In this study the principle of the Post-Newtonian method for earth gravity field determination is presented. The observable for gravity field reconstruction is the frequency shift of an electromagnetic signal transmitted from a satellite to a receiver station. This frequency shift is caused by relativistic time dilatation which is related to the gravity potential. By numerical simulations the spatial and spectral performance of a LEO satellite mission equipped with atomic clocks, which will be available within the next tow decades, is investigated.

There have been done some studies which are related to future satellite gravity field missions and general relativistic effects. There is for example the Einstein Gravity Explorer mission proposal (Schiller et al. 2009) in which testing methods of relativistic effects and physical constants based on atomic clock measurements are investigated. Müller et al. (2007) explored the impact of relativity on various geodetic topics like the geoid, reference systems, geodynamics, Global Positioning System (GPS), Satellite Laser Ranging (SLR), and Very Long Base Interferometry (VLBI). Gulkett (2003) investigated relativistic effects on GPS and LEO and showed how to implement them correctly within a relativistic framework. The IAU already included relativistic effects for frame transformations (Soffel et al. 2003).

For being able to realise a satellite mission as proposed in this paper, atomic clocks with sufficient quality will be needed. Actual atomic clocks achieve a short term stability of 10−16 s (between two measurement epochs) on earth (Schiller 2007) and are expected to achieve 10−18 s within the next 15 years. According to Cacciapuoti (2006), actual space-borne atomic clocks achieve an accuracy of 10−15 s. Thus, a satellite mission with an atomic clock with 10−18 s stability should be possible within the next 30 years.

In this study, the equations for the Post-Newtonian method are derived in Chaps. 28.2 and 28.3. In Chap. 28.4 the simulation setup is described in more detail. Chapter 28.5 shows the simulation results, a performance analysis, and the analysis of the spectral and spatial error behaviour. Finally a conclusion and outlook is given in Chaps. 28.6 and 28.7.

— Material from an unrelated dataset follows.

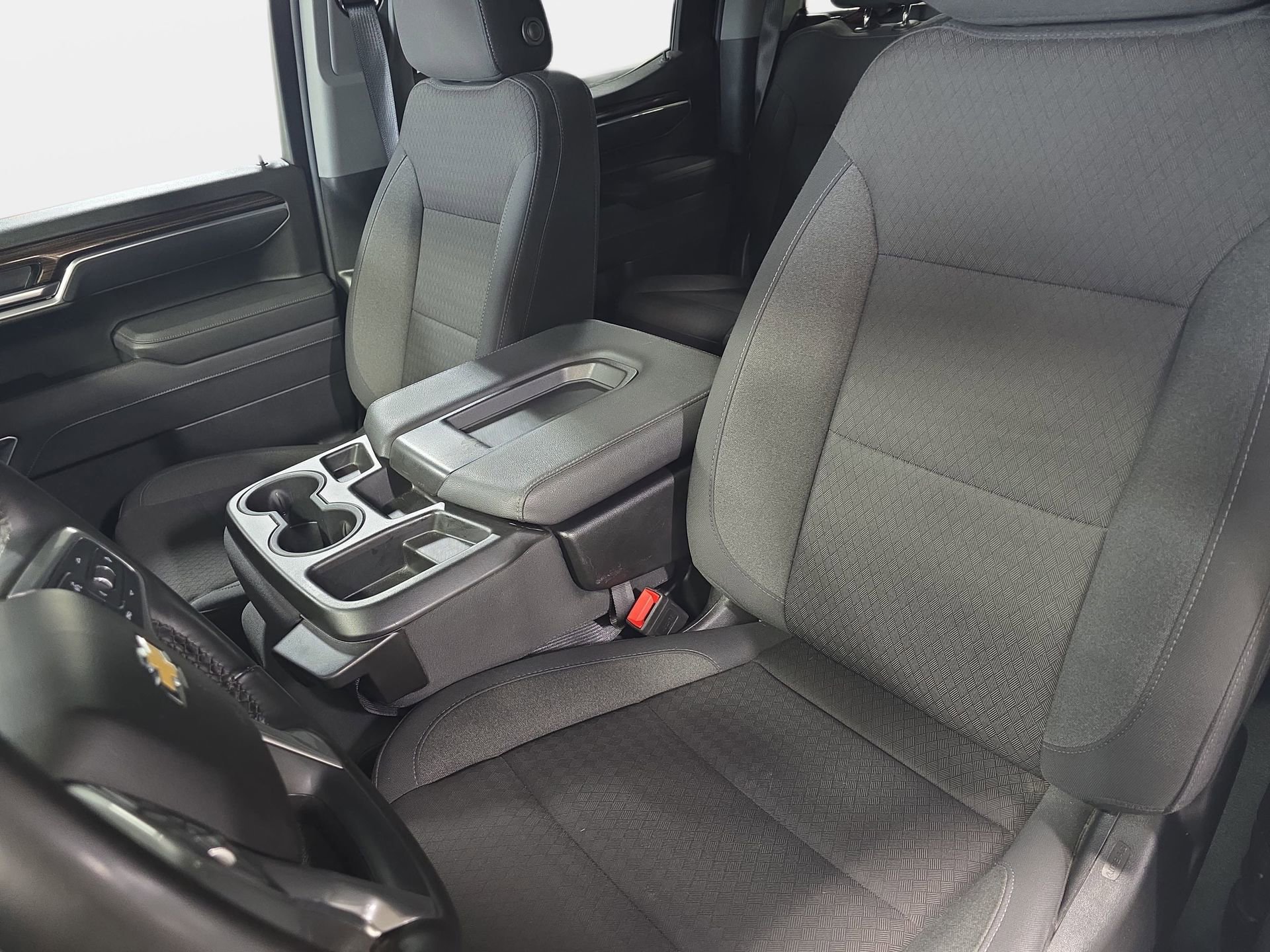 Used 2025 Chevrolet Silverado 1500 LT image 14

2 Relativistic Time Dilatation

The metric tensor \( {g_{\mu \nu }} \) describes the curvature of space-time. Thus, it can be used for deducing a description of the relativistic frequency shift. The line element \( ds \) can be described by

$$ d{s^2} = {g_{\mu \nu }}(x)d{x^\mu }d{x^\nu } $$
(28.1)

Here Einstein’s tensor convention has been applied (Einstein 1916). Double upper and lower indices describe a summation. The gradient \( d{x^\kappa } = {[ - c \cdot dt\,\,\,d{x^1}\,\,d{x^2}\,\,d{x^3}]^T} \) of the scalar vector field \( x = ({x^\kappa }) \) contains position and time information. \( c \) is the speed of light in vacuum, \( dt \) the time element of a chosen time system and \( d{x^i} \) describe the three dimensional coordinate elements. The metric tensor \( {g_{\mu \nu }}(x) \) is a function of \( {x^\kappa } \) \( \left( {\mu, \nu, \kappa = [0,1,2,3]} \right) \), which means that the curvature of space-time depends on time and position.

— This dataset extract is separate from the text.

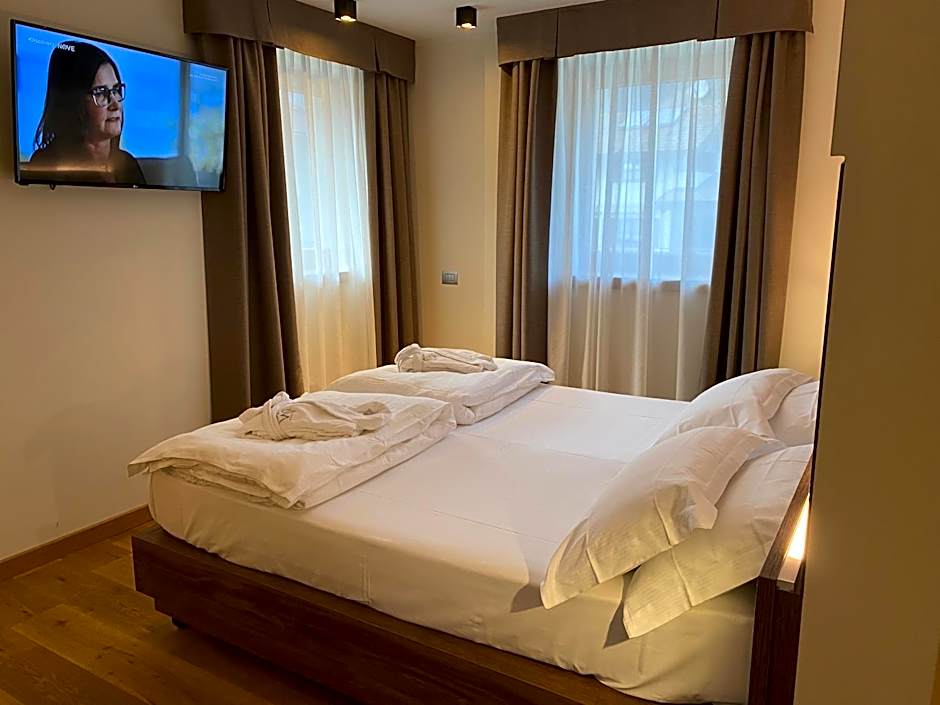 Photo 1 of 12 of Superior 1 Double Bed or 2 Beds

A solution of Einstein’s field equations delivers the elements of the metric tensor. A series expansion representation of the tensor elements is (Soffel et al. 2000)

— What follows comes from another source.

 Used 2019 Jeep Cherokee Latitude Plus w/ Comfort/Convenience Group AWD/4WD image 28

$$ \begin{array}{lllllll}{g_{00}} = - 1 + \frac{{2 \cdot \Phi (x)}}{{{c^2}}} - \frac{{2 \cdot {\Phi^2}(x)}}{{{c^4}}} + O({c^{ - 5}}) \hfill \\{g_{0i}} = - \frac{{4 \cdot {\Phi^i}(x)}}{{{c^3}}} + O({c^{ - 5}}) \hfill \\{g_{ij}} = {\delta_{ij}}\left( {1 + \frac{{2 \cdot \Phi (x)}}{{{c^2}}} - \frac{{2 \cdot {\Phi^2}(x)}}{{{c^4}}}} \right) + O({c^{ - 6}}) \hfill \\\end{array} $$
(28.2)

where \( \Phi (x) \) is the gravity potential and \( i,j = [1,2,3] \). The earth’s static gravity field potential is usually expressed by a spherical harmonic series expansion (Heiskanen and Moritz 1967):

$$ \begin{array}{lllll} {\Phi_E}(r,\theta, \lambda ) = \frac{{GM}}{R} \cdot {\sum\limits_{l = 0}^\infty {\left( {\frac{R}{r}} \right)}^{l + 1}} \cdot \hfill \\{ } \sum\limits_{m = 0}^l {({{\bar{C}}_{lm}}\cos m\lambda + {{\bar{S}}_{lm}}\sin m\lambda )} \cdot {{\bar{P}}_{lm}}(\cos \theta ){ } \hfill \\\end{array} $$
(28.3)

Here r, θ and λ are spherical coordinates, R is the earth’s reference radius, GM the gravitational constant times mass of the earth, l and m are the degree and order of the fully normalized spherical coefficients \( {\bar{C}_{lm}},{\bar{S}_{lm}} \), and \( {\bar{P}_{lm}}(\cos \theta ) \) represents the fully normalized Legendre function. Equation (28.3) describes the functional model for setting up the design matrix for least squares adjustment in our simulation environment. The spherical coefficients \( {\bar{C}_{lm}},{\bar{S}_{lm}} \) are the system parameters, while the gravity potential \( \Phi \), which is derived from relativistic frequency shifts is the observable of our system.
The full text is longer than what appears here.